## [Collected material]
■ ■ ■

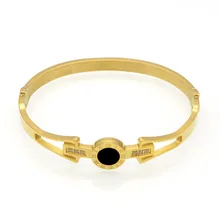 Luxury Korean Opening Titanium Steel Bangles Crystal 18 K Rose Gold White Gold Bangles Roman Numerals Women’s Bracelet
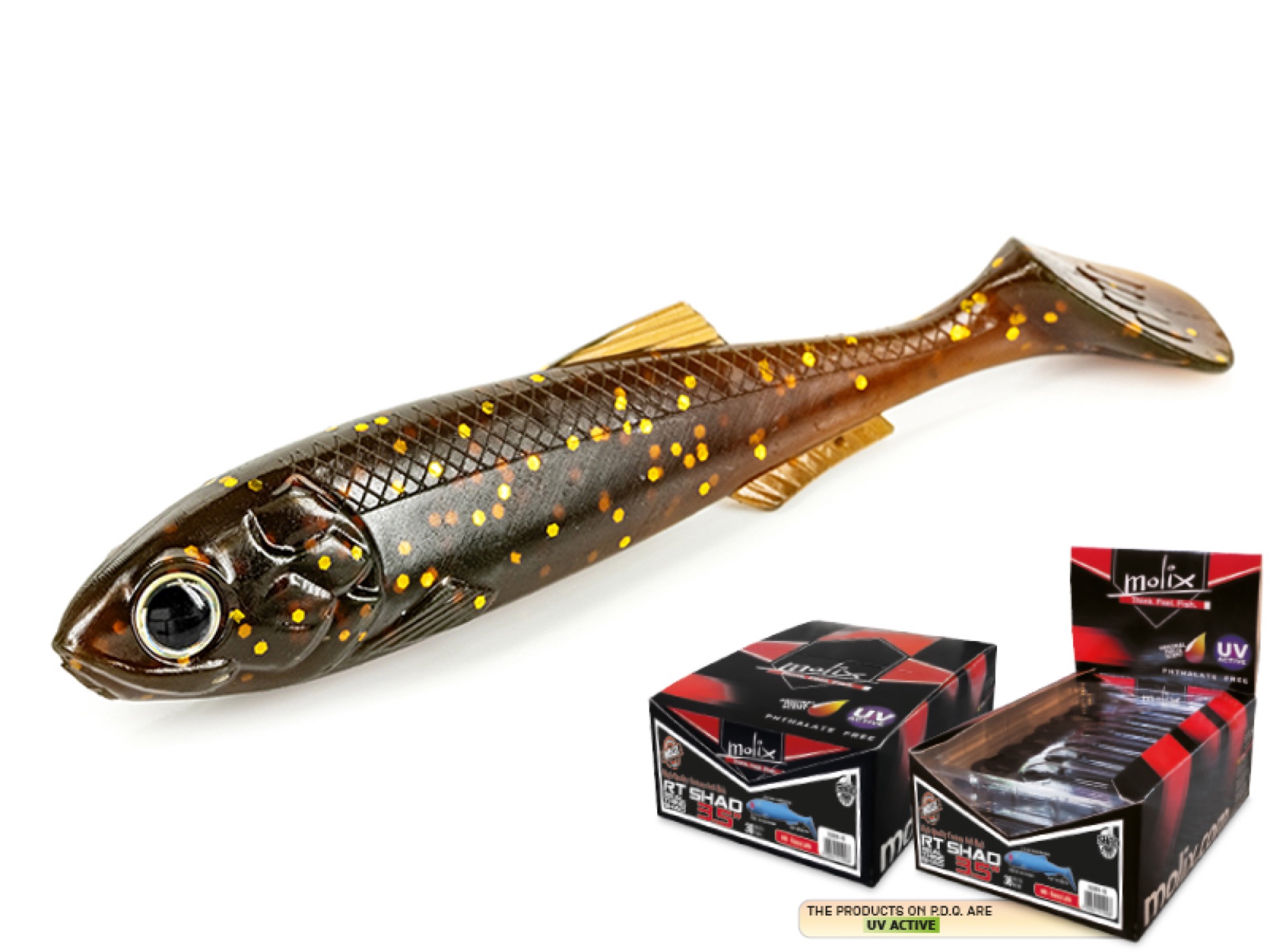 Molix RT Shad 3.5" Bulk Spray - #635 UV Motoroil
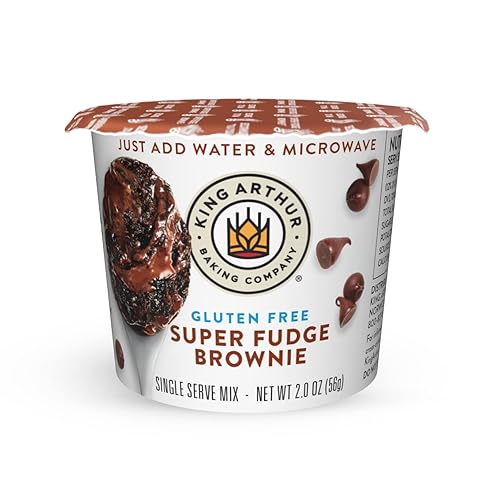 King Arthur, Mezcla de brownie Super Fudge de una sola porción sin gluten, sin gluten, sin OMG, certificado Kosher (paquete de 12)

■ ■ ■

## [How to complete this task]
Hand back the data above exactly, leaving out all pictures.

## [Exercise answer]
 Luxury Korean Opening Titanium Steel Bangles Crystal 18 K Rose Gold White Gold Bangles Roman Numerals Women’s Bracelet
 Molix RT Shad 3.5" Bulk Spray - #635 UV Motoroil
 King Arthur, Mezcla de brownie Super Fudge de una sola porción sin gluten, sin gluten, sin OMG, certificado Kosher (paquete de 12)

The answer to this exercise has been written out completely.